4. Considerações finais: retorno ao desenvolvimentismo?


- Todavia, a despeito dos sinais da conjuntura, vários autores apontam para as
dificuldades de uma retomada mais consistente e robusta sem que o país enfrente alguns
problemas crônicos, como a crise da previdência, a alta carga tributária e o
assistencialismo, por exemplo.
- Para esses autores o principal fator explicativo do crescimento no período mais recente
é a estabilidade econômica, ou seja, o fato de o governo Lula, a despeito do
assistencialismo, ter mantido as linhas gerais da política econômica de matiz ortodoxo
do governo F.H. Cardoso (metas de inflação, altas taxas de juros, câmbio valorizado,
superávit primário.
- É bastante discutível associar o governo Lula com ciclo econômico populista, pelo
menos à luz dos modelos de diversos autores que se debruçaram sobre o tema, mesmo
afinados com o mainstream.
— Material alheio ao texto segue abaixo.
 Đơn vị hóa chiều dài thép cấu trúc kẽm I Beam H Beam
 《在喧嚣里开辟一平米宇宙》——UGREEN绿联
A análise da “Era Lula” sugere que, não obstante o carisma
de seu titular e de alguns arroubos midiáticos, seu governo afasta-se completamente do
hardcore da definição de populismo daqueles autores.
- O governo Lula optou nos primeiros anos por uma política monetária e fiscal
restritiva, de continuidade, ao contrário dos modelos de ciclo populista. Em termos de
política social se optou pelo gradualismo (elevação do salário mínimo e programas de
transferência de renda). Esses fatores aproximam muito mais o governo Lula com a
socialdemocracia europeia, de inspiração keynesiana, do que com o ciclo populista.